Activity: Would you reproduce the whole listing exactly, minus its images?

Data below:
++++++++++++++++++++

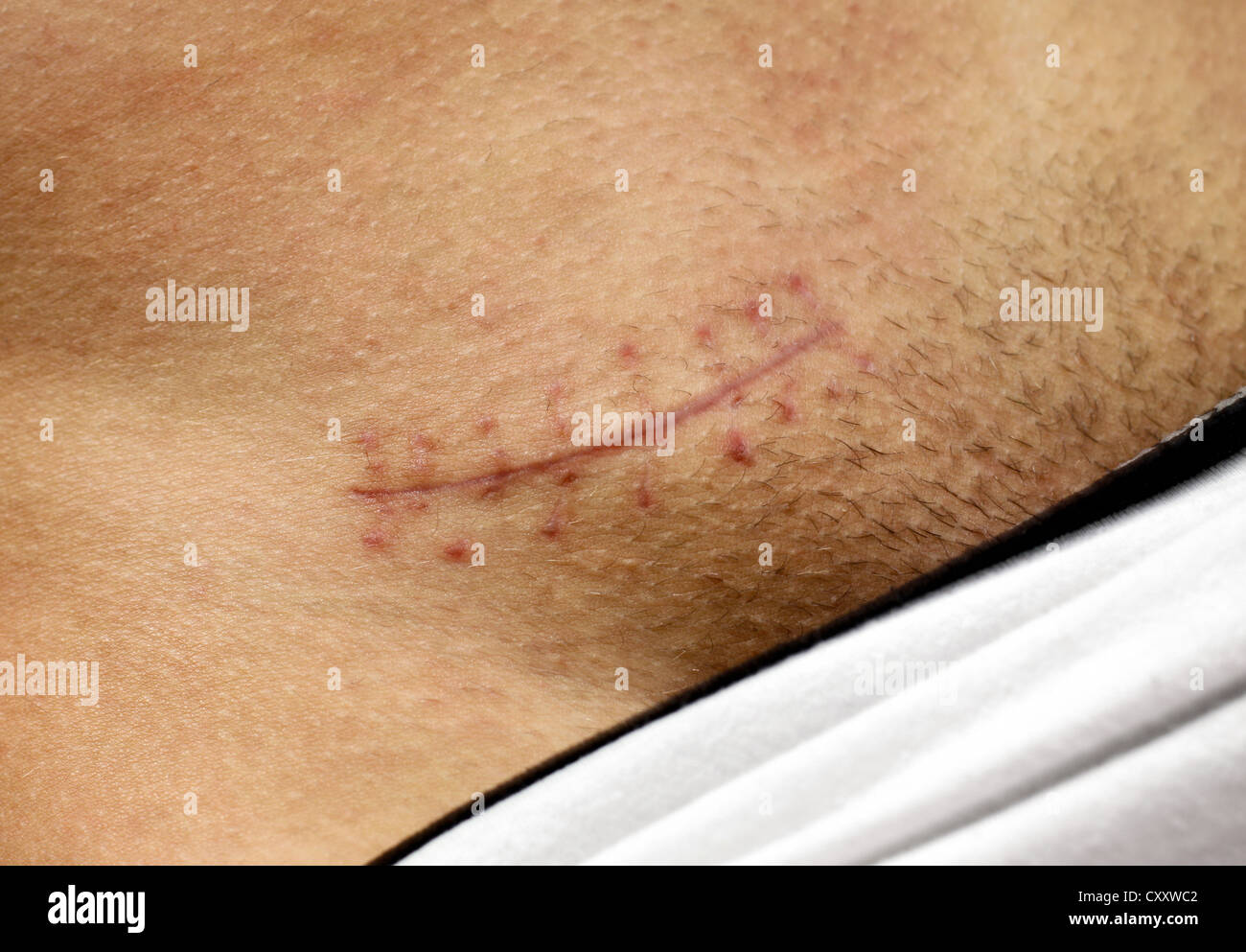 A man's scar after surgery, hernia inguinalis Stock Photo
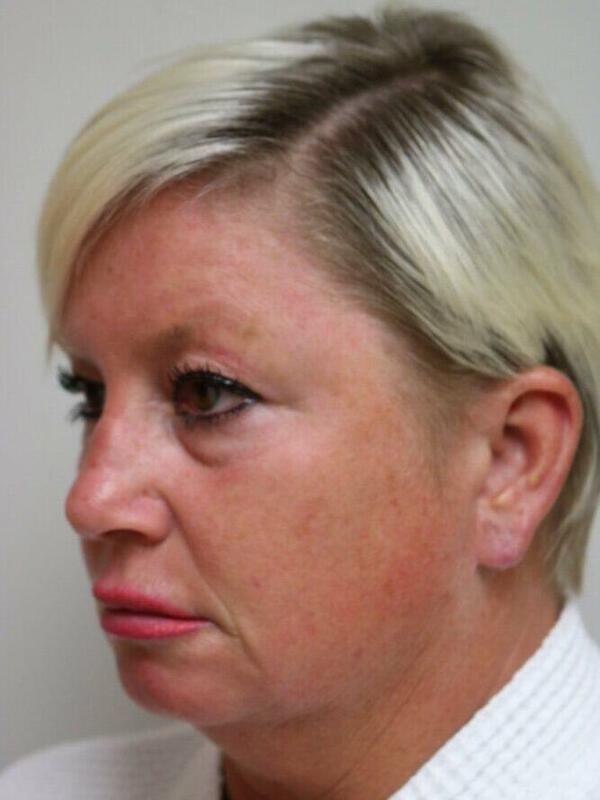 Facelift before photo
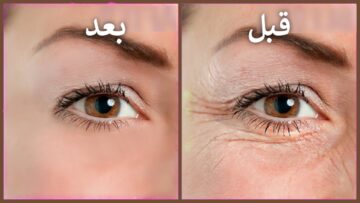 جربي إزاي تتخلصي من تجاعيد وانتفاخات حول العين بمكونات منزلية وغير مكلفة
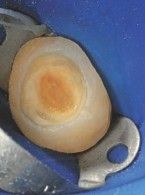 Odbudowa zęba trzonowego metodą półpośrednią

++++++++++++++++++++

Expected answer:
 A man's scar after surgery, hernia inguinalis Stock Photo
 Facelift before photo
 جربي إزاي تتخلصي من تجاعيد وانتفاخات حول العين بمكونات منزلية وغير مكلفة
 Odbudowa zęba trzonowego metodą półpośrednią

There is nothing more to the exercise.